Lastly, the discussion also focused on another characteristic of the DIS-TRUST project, that is the combination of philosophical explorations and empirical work. Eriksen believes it is a strengths of the DIS-TRUST project that the researchers are considering how empirical materials, research and methods can enrich their philosophical reflection. In her paper “What’s Reality Got to Do with It? Wittgenstein, empirically informed philosophy, and the missing methodological link”, Eriksen discusses how empirical cases, investigations and research can inform philosophy (Eriksen, 2023). Eriksen's visit not only encouraged the DIS-TRUST team to think critically of crucial aspects of technological advancements, but also reinforced the necessity of doing so with an eye out for rich empirical cases that can demonstrate the positive, negative and sometimes just different ways in which trust in each other, in institutions, in oneself and in technology is changing in the digital society.

References:
Løgstrup, K.E. 2020. The Ethical Demand, translated by Bjørn Rabjerg and Robert Stern. Oxford: Oxford University Press.

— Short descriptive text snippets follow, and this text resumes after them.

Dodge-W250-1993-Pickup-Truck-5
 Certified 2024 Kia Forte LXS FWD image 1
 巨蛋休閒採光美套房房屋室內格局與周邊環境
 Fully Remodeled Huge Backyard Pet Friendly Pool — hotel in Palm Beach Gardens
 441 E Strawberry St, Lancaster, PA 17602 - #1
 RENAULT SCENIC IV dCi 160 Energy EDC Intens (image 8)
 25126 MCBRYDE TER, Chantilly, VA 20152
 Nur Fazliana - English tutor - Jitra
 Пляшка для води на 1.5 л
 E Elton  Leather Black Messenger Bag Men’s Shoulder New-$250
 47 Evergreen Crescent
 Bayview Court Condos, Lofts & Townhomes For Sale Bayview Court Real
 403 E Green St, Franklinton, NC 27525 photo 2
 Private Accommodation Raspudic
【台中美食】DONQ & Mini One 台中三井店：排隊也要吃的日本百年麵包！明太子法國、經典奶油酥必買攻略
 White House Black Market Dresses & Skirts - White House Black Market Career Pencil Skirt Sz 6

Christensen, A. M. S., & Eriksen, C. (2021). Each Other’s World, Each Other’s Fate—Løgstrup’s Conception of Basic Trust. International Journal of Philosophical Studies, 29(1), 24-43.
Eriksen, C. (2023). What’s Reality Got to Do with It? Wittgenstein, Empirically Informed Philosophy, and a Missing Methodological Link. Nordic Wittgenstein Review.
O’Neill, O. ( 2002). A Question of Trust. The BBC Reith Lectures 2002. Cambridge: Cambridge University Press.
Pedersen, E. O. (2018). “An Outline of Interpersonal Trust and Distrust.” In Anthropology and Philosophy. Dialogues on Trust and Hope, edited by Sune Liisberg, Esther Oluffa Pedersen and Anne Line Dalsgård. New York: Berghahn Books.